## Required work
Please give back the listing below word for word, without the images.

## Given entries
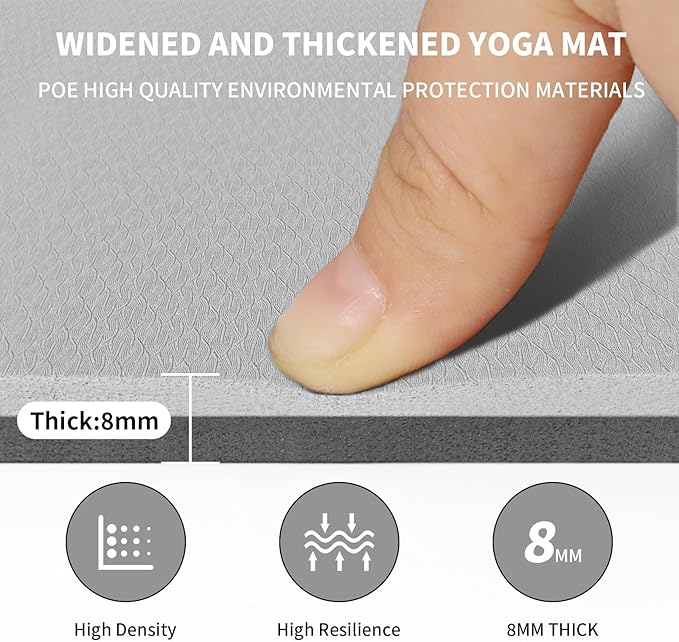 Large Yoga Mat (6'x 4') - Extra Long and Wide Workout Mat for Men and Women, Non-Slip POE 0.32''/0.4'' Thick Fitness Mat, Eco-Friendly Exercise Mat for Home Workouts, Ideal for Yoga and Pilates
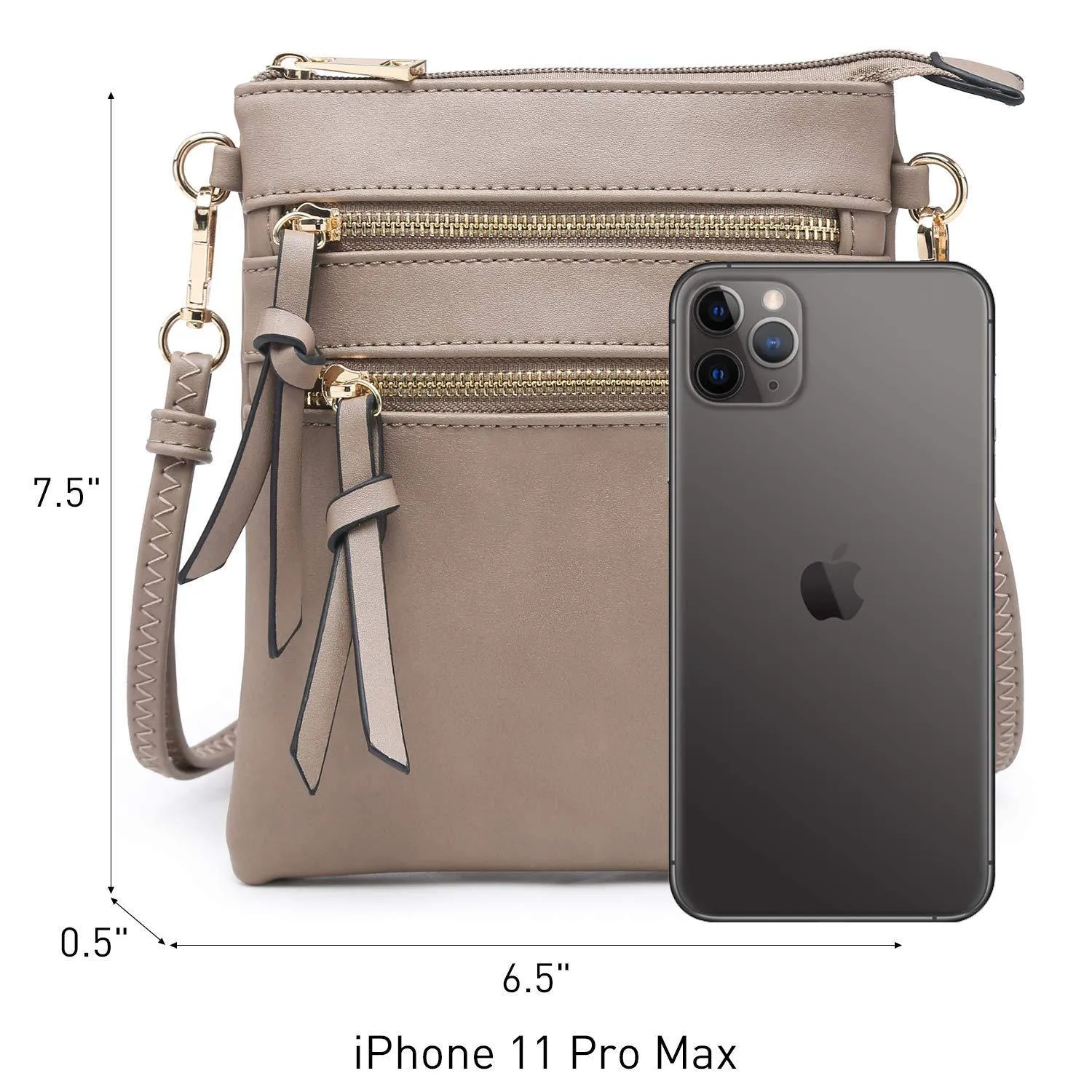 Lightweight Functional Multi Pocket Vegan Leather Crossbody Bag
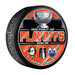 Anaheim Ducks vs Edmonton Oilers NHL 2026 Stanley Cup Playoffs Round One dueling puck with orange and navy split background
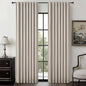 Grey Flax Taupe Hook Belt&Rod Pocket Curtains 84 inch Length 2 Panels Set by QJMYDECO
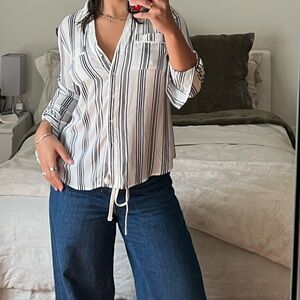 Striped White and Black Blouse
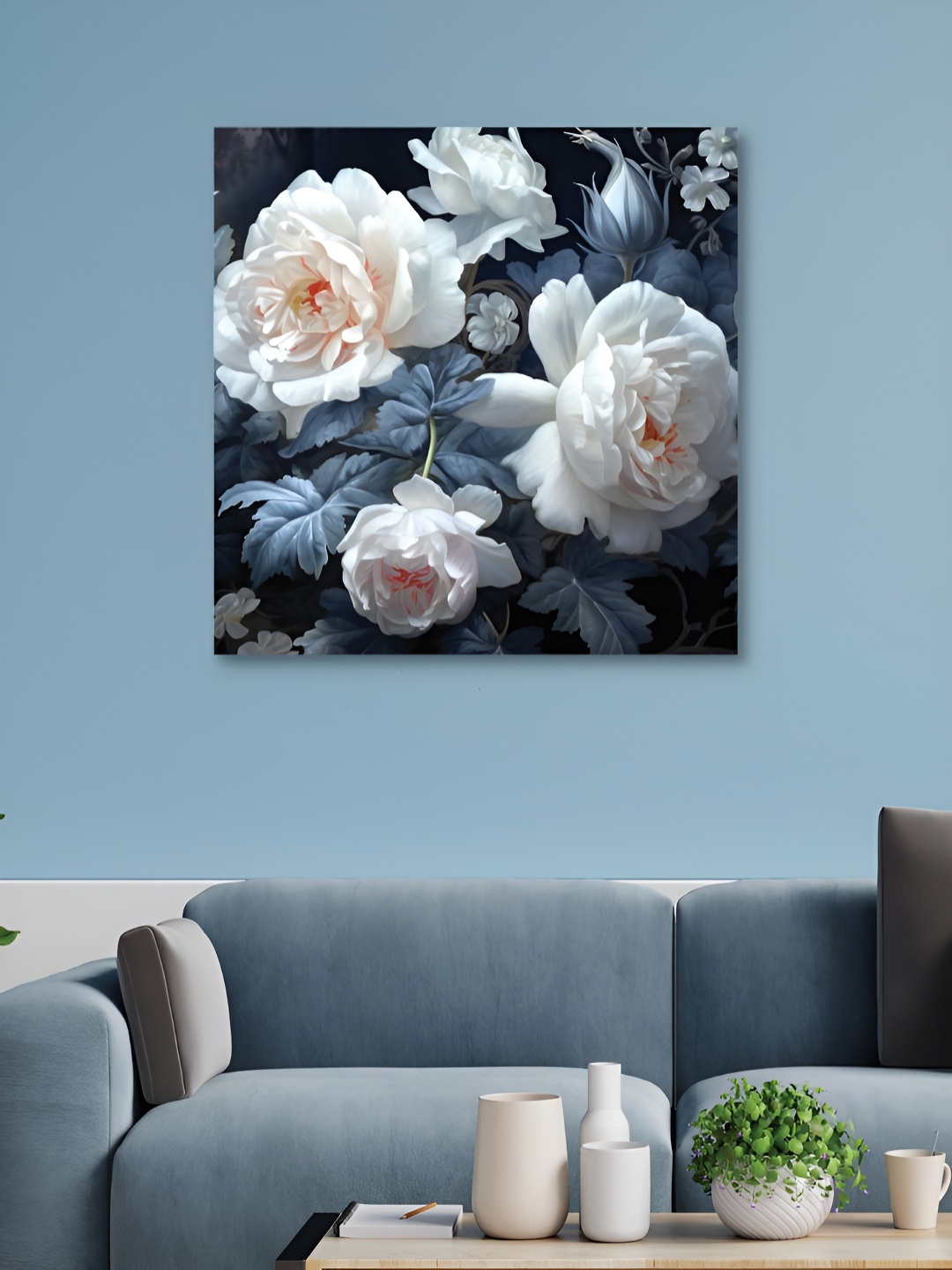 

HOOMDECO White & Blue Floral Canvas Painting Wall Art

## Answer box
 Large Yoga Mat (6'x 4') - Extra Long and Wide Workout Mat for Men and Women, Non-Slip POE 0.32''/0.4'' Thick Fitness Mat, Eco-Friendly Exercise Mat for Home Workouts, Ideal for Yoga and Pilates
 Lightweight Functional Multi Pocket Vegan Leather Crossbody Bag
 Anaheim Ducks vs Edmonton Oilers NHL 2026 Stanley Cup Playoffs Round One dueling puck with orange and navy split background
 Grey Flax Taupe Hook Belt&Rod Pocket Curtains 84 inch Length 2 Panels Set by QJMYDECO
 Striped White and Black Blouse

HOOMDECO White & Blue Floral Canvas Painting Wall Art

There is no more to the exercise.